IRD: "Since you've been critical of the Western media coverage of Iran's nuclear program could you please point out the things about the coverage which you'd like to see improved?"
PJ: "It's difficult to generalize, of course; some of the Western media coverage is good. And one has to make allowances for the fact that this is a complex issue, legally, politically and technologically. I suspect few journalists have the time to master these complexities, and this inclines many of them to be less questioning of official orthodoxies than they might otherwise be.
That said, I would like to see the Western media striving to be more objective and less partisan, by which I mean more sceptical in relation to the impressions that official statements seek to create, and more conscious of the extent to which Westerners have slipped into a morally prejudiced, almost Manichaean, attitude to Iran and Iranians.
I would also like to see them doing their home-work better, despite the time pressures they are under. All too often, for instance, one reads or hears that Western governments fear that Iran is developing nuclear weapons, or wants to possess nuclear weapons.
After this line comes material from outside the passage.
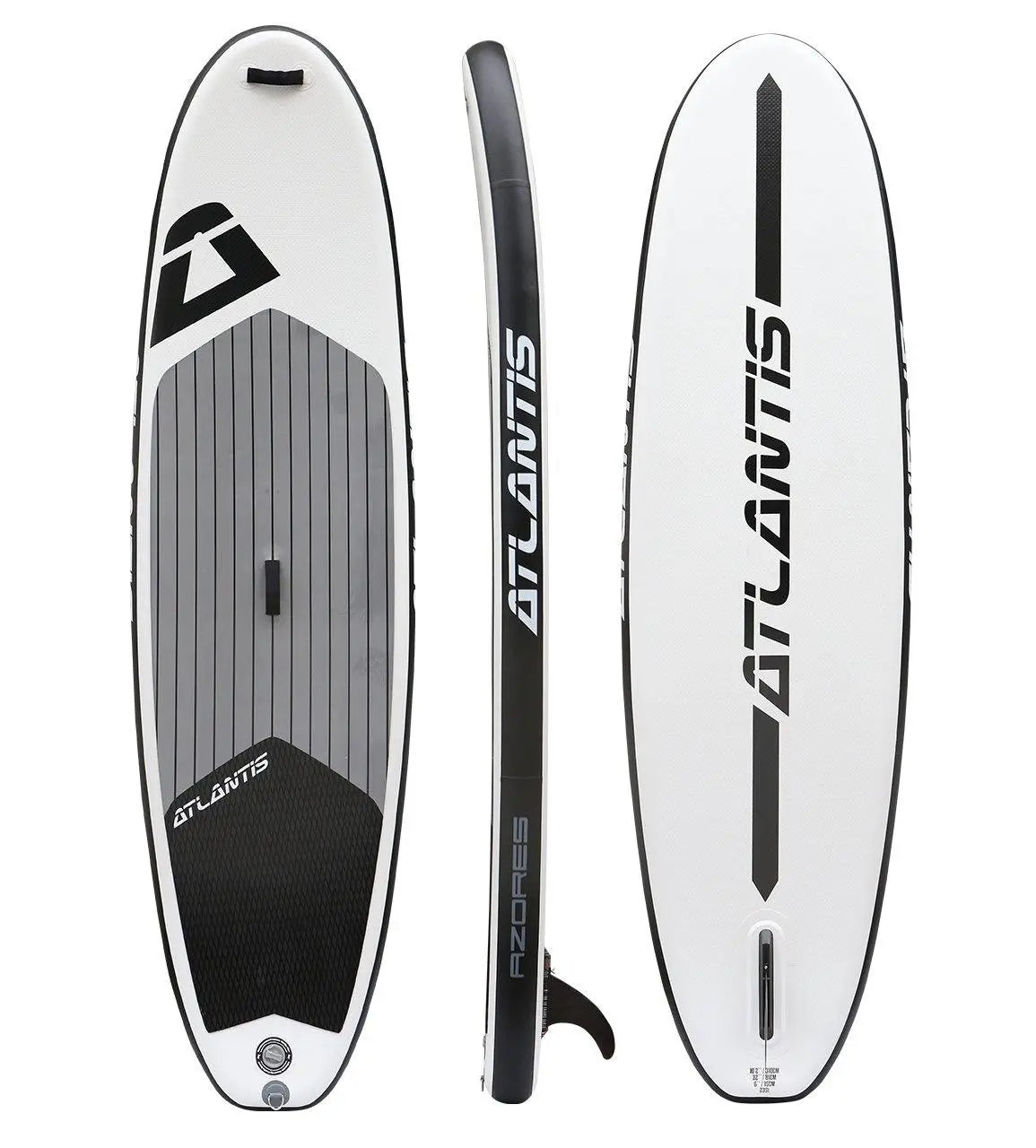 Atlantis Inflatable SUP - Azores - Grey 10.2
Given the assessments produced by the US intelligence community in 2007, 2011, and now this year, this is shoddy work.
I suspect some may believe, frivolously, that painting the scariest possible picture of Iran's nuclear program will give readers and listeners a not unpleasurable frisson and will "sell newspapers". Some others are ideologically in tune with Israeli and Republican strands of opinion that are hostile to Iran."
Peter Jenkins had a distinguished 33 year career with the British Diplomatic Service; he also was the UK representative to the "International Atomic Energy Agency" IAEA in Vienna between 2001 and 2006.